DecisionProgramming.jl is a Julia package for solving multi-stage decision problems under uncertainty, modeled using influence diagrams, and leveraging the power of mixed-integer linear programming. The Decision Programming approach to solving multi-stage decision problems under uncertainty consists of the following three steps.

In the first step, we model the decision problem using an influence diagram with associated probabilities, consequences, and path utility function.

In the second step, we create a decision model corresponding to the influence diagram using a suitable objective function. We solve the model to obtain an optimal decision strategy. We can create and solve multiple models with different objectives for the same influence diagram to receive various optimal decision strategies.

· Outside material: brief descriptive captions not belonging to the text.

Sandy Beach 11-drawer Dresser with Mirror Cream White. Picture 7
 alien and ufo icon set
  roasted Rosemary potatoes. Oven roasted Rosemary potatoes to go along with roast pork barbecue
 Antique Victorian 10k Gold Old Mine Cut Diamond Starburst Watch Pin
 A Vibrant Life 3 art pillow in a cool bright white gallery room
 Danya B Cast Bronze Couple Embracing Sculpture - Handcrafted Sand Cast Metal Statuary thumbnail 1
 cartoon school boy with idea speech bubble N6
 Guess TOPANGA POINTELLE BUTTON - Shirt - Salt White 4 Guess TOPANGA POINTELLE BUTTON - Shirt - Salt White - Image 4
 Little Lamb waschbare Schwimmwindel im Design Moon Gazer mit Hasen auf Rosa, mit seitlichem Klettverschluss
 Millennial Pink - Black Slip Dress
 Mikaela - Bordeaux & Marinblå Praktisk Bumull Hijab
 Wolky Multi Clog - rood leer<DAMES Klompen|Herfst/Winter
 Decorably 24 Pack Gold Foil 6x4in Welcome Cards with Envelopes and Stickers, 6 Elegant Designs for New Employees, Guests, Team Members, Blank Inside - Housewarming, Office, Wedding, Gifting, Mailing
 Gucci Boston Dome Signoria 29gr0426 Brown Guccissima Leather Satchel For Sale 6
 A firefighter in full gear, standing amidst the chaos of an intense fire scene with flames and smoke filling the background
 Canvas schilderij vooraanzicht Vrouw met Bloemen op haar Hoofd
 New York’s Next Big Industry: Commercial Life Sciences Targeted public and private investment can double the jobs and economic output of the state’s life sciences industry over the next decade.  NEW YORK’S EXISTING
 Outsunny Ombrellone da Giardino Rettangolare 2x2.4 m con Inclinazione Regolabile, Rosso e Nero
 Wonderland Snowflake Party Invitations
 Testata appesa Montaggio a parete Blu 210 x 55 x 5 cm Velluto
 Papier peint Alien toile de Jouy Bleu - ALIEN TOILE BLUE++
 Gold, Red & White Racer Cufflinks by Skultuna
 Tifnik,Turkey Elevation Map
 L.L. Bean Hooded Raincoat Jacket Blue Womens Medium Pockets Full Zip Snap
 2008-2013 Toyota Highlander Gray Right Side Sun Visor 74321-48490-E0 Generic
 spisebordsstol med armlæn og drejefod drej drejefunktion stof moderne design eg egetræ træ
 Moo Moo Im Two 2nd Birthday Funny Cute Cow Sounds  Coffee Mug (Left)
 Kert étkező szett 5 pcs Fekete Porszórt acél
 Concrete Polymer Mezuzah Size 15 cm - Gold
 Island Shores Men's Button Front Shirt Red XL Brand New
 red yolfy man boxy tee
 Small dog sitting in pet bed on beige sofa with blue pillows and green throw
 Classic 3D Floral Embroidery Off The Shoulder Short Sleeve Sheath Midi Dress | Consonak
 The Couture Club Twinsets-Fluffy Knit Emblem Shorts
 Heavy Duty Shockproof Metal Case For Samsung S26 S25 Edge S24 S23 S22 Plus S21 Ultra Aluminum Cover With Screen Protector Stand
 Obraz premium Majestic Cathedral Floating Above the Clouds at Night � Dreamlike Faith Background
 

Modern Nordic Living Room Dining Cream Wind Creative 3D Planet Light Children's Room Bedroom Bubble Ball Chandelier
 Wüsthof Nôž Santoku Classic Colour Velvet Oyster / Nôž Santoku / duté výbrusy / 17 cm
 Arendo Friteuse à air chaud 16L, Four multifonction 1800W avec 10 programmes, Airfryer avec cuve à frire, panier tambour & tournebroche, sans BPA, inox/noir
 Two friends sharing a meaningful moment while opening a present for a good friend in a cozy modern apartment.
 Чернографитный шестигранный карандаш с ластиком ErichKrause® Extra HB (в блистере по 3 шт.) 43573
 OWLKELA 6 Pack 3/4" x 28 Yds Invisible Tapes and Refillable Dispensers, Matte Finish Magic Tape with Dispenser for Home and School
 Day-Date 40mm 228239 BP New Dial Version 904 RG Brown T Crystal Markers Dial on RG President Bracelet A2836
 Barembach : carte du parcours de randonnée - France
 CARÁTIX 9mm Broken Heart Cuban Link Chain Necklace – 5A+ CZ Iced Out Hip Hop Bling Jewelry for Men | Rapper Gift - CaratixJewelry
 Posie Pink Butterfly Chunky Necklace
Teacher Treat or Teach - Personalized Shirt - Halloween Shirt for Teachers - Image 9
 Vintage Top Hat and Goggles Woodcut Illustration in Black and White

In the third step, we analyze the resulting decision strategies for the influence diagram. In particular, we are interested in the utility distribution and its associated statistics and risk measures.

DecisionProgramming.jl provides the necessary functionality for expressing and solving decision problems but does not explain how to design influence diagrams. The rest of this documentation will describe the mathematical and programmatic details, touch on the computational challenges, and provide concrete examples of solving decision problems.

The examples start with a rather simple and easily approachable Used Car Buyer problem that can be also solved using more conventional methods such as decision trees. The following two examples illustrate the capabilities of the framework in problems where the no-forgetting assumption does not hold and solving the influence diagram with well-established techniques is thus impossible. In the Pig Breeding problem, only the most recent information is available when making each decision, thus breaking the no-forgetting assumption, while in the N-Monitoring problem, the decisions are made in parallel with no communication between the decision makers, also leading to the assumption not working. The Contingent Portfolio Programming example is a more advanced one, demonstrating the versatility of the framework in adding decision variables and constraints. The CHD Preventative Care example showcases the use of probability scaling and forbidding specific decision strategies.

DecisionProgramming.jl is developed in the Systems Analysis Laboratory at Aalto University by Ahti Salo, Fabricio Oliveira, Juho Andelmin, Olli Herrala, Jaan Tollander de Balsch and Helmi Hankimaa.